Union Isn’t Liable for Members’ Postings to Union Message Board–Raggi v. Las Vegas Police

By Eric Goldman

Raggi v. Las Vegas Metropolitan Police Dept., 2009 WL 653000 (D. Nev. March 10, 2009)

Unexpectedly, we’re celebrating union week at the Technology & Marketing Law Blog. Earlier this week, I blogged that union organizers aren’t liable for trademark infringement from their online activism. Today, I’m blogging that 47 USC 230 protects unions from liability for online postings by their members.

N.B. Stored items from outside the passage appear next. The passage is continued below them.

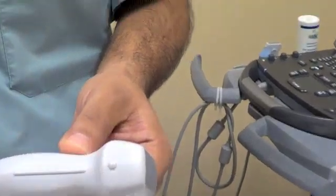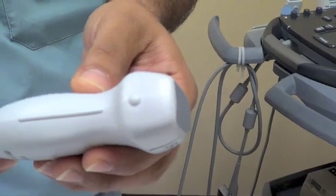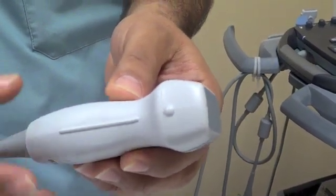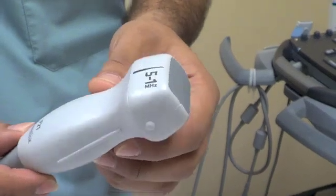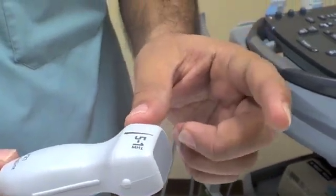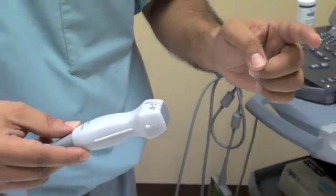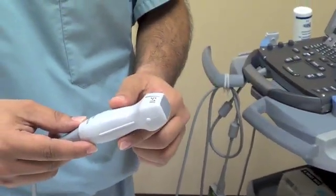Again, you can see it has a probe marker, and as you'll see in other videos, it will tell you the proper position of the probe marker — so it's very important to know where the marker is. This probe has a lower frequency, which results in higher penetration but lower resolution in the image.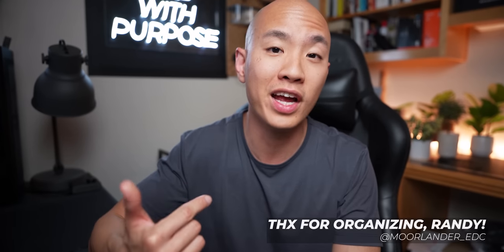What's up, y'all? Ron Kwok here and welcome back to the channel. Today I've got a special video for you. We're doing the 2022 Pocket Everyday Carry in conjunction with a few of your favorite neighborhood EDC enthusiasts. Special thanks to Randy over at Morelander EDC for putting this all together and organizing this collab. It's going to be a lot of fun.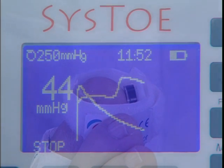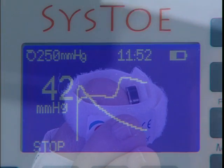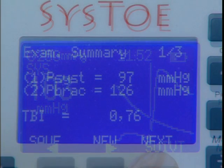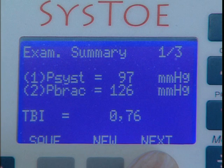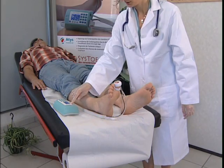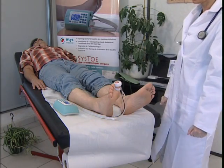At the end of the procedure, the toe's systolic pressure is displayed on the screen. A cursor positioned automatically on the plot of the infrared signal shows the point at which blood flow resumed. If the brachial pressure was put in, the TBI is also calculated. The measurement is then repeated on the first toe and the same procedure is carried out on the other big toe.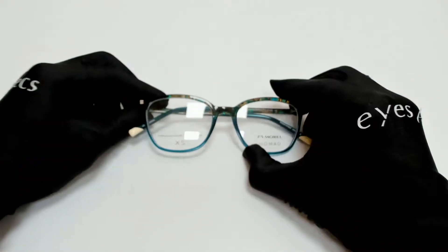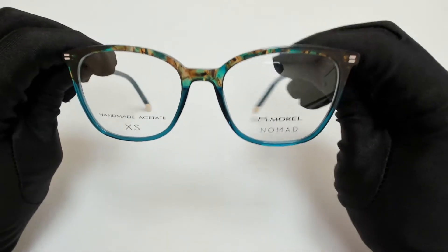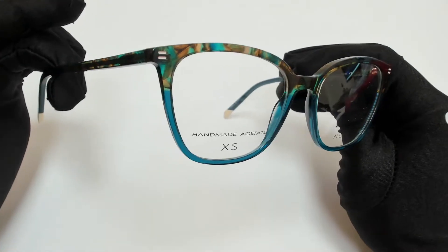Hi, greetings from iSpecs.com. I'll be demonstrating Morel eyeglasses, model 4015-1N, color code MV06.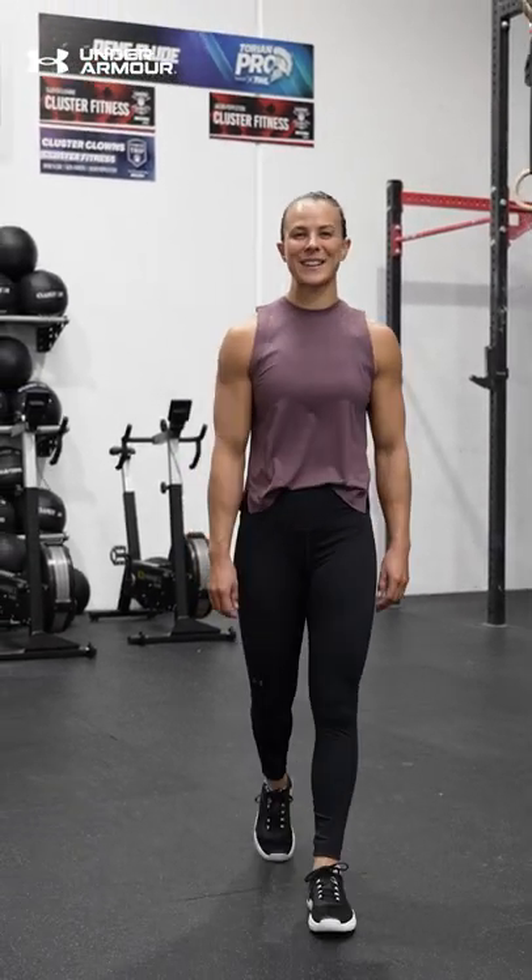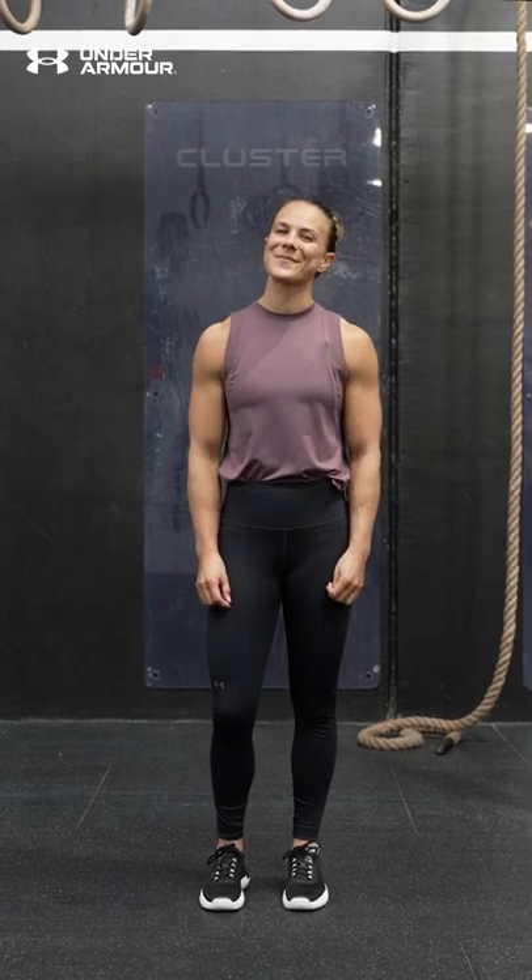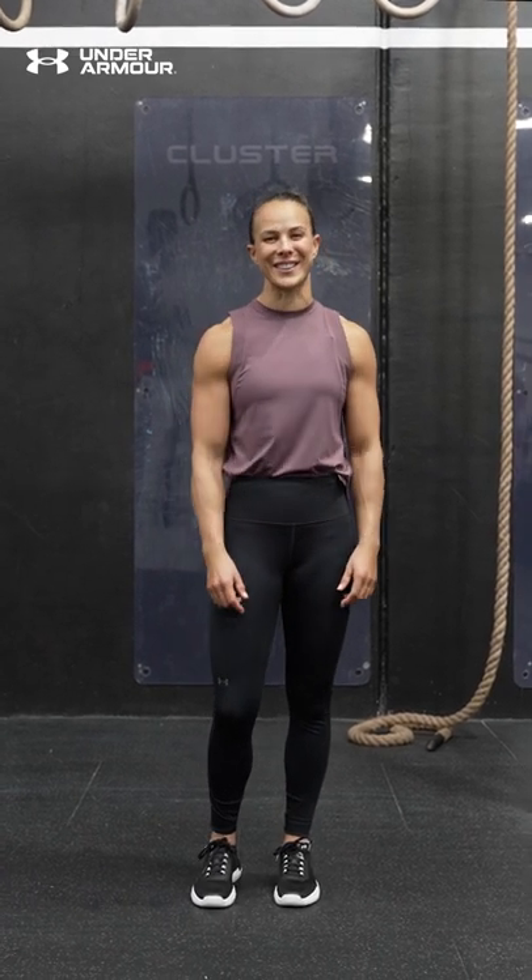Hi, I'm Lisa Carrington. I'm a New Zealand sprint kayaker and this is how I train power. There are many ways to work on building power. Today I'm going to show you what I like to do.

The plaintiff sued a variety of defendants for allegedly defaming and discriminating against the plaintiff. This particular ruling involves an SJ motion from the Las Vegas Police Protective Association (“LVPPA”), a union of Las Vegas law enforcement personnel. Two LVPPA union members allegedly posted impermissible messages to a message board operated by LVPPA, and the LVPPA did not remove the targeted messages after the plaintiff’s demand. Even with the refusal to take down the messages, this set of facts supports an easy 47 USC 230 case for the message board operator (see, e.g., Eckerd, DiMeo v. Max, Universal Communication Systems v. Lycos, Higher Balance), and frankly I think most plaintiffs are finally getting that message.

The complicating factor here is some caselaw suggesting that there may be a principal-agent relationship between unions and their members when members are conducting union business. Elsewhere, I’ve raised the issue of whether principal-agency relationships allow plaintiffs to bypass 47 USC 230; I think that’s still an open issue. See more discussion of this issue in my Higher Balance blog post. The court can avoid this doctrinally thorny issue because the posting members weren’t conducting union business while posting. The plaintiff argued that, by failing to remove the postings, the union ratified the members’ posts, but the court rejected that bypass as well. As a result, the court reaches the sensible result that 47 USC 230 protects unions for their members’ online postings.